What you have to do | In the entries below, count the lines that hold the string "Front" and state only that count.
Data to use section start
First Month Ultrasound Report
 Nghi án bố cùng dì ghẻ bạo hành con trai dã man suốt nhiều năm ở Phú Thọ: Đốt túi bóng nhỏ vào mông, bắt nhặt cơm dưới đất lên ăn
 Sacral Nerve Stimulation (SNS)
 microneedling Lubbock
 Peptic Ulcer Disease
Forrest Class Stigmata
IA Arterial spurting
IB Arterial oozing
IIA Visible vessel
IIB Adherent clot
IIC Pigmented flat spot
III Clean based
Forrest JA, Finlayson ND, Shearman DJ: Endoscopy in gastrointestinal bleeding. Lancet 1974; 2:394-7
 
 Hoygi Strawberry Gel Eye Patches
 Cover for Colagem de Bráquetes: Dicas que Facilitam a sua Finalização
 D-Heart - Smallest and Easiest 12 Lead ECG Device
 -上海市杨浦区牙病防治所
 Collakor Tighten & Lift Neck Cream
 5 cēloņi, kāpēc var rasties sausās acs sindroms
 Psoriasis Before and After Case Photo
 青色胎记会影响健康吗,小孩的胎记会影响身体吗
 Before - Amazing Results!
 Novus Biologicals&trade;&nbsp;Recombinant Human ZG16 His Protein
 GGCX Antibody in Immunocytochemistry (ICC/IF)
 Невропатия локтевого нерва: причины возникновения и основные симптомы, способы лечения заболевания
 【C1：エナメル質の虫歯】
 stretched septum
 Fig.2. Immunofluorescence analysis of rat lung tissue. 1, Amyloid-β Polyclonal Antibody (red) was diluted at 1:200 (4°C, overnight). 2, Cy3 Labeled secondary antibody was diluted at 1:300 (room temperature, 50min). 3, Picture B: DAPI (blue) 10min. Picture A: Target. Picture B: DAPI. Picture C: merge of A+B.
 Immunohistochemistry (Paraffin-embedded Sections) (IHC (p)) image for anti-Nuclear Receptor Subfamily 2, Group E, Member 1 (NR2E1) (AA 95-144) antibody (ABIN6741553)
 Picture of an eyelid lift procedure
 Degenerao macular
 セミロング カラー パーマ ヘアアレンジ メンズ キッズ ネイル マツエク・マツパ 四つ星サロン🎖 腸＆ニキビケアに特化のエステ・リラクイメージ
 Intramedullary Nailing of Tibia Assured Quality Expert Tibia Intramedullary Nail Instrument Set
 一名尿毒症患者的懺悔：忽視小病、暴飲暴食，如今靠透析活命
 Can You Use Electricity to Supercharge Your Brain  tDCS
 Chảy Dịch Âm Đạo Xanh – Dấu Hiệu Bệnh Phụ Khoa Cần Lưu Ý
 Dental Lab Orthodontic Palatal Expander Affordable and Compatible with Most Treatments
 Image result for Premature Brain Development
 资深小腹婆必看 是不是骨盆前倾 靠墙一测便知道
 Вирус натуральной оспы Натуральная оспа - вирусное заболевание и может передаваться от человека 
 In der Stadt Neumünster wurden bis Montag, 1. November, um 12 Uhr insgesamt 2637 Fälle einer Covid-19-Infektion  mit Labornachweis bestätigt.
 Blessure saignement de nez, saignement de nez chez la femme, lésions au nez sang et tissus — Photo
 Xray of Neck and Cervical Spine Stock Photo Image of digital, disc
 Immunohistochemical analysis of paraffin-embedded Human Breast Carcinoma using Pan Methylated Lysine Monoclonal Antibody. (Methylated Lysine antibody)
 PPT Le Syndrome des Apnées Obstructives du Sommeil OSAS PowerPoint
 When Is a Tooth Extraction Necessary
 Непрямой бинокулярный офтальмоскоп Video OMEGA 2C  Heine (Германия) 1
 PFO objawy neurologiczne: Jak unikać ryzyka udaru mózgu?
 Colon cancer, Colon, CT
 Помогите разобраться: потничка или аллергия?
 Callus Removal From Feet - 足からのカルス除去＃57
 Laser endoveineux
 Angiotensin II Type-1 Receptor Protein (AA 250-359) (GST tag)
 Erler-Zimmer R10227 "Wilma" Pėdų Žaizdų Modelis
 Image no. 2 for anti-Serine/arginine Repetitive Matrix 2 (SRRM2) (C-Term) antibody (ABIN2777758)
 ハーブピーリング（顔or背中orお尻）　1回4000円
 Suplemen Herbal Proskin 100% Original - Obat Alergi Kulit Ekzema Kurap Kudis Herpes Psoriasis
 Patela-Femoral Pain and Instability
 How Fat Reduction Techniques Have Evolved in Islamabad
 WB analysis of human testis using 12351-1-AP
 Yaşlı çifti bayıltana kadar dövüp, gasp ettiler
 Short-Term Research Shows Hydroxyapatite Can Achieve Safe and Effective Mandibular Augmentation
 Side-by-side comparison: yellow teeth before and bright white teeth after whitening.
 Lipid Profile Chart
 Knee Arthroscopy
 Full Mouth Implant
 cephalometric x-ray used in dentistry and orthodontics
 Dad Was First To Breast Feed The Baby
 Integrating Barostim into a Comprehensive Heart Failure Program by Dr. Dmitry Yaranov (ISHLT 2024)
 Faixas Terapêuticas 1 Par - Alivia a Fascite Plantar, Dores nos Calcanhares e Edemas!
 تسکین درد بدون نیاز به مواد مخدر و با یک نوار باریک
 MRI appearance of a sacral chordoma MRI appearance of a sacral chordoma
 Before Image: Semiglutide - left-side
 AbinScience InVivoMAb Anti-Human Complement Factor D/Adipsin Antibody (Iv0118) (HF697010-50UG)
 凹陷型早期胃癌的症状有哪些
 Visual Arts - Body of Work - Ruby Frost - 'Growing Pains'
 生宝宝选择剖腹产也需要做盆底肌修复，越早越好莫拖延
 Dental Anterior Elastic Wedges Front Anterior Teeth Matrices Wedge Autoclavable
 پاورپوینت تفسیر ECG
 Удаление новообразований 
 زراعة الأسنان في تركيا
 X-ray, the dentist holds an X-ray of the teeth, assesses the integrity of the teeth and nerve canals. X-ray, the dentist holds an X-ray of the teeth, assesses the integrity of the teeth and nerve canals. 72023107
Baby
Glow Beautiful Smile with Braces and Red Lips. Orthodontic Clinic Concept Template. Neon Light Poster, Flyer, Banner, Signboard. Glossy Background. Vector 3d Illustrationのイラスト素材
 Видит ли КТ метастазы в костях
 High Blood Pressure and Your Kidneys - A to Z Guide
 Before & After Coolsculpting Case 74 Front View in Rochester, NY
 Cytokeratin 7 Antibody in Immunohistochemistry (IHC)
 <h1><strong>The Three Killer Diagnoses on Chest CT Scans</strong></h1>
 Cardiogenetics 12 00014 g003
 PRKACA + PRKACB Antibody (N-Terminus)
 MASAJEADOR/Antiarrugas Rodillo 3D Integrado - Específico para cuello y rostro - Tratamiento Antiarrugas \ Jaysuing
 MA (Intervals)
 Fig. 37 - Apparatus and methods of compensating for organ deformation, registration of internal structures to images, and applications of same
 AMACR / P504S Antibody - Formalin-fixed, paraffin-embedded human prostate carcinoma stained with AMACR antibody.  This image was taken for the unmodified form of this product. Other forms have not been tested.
Data to use section end
Response box | 2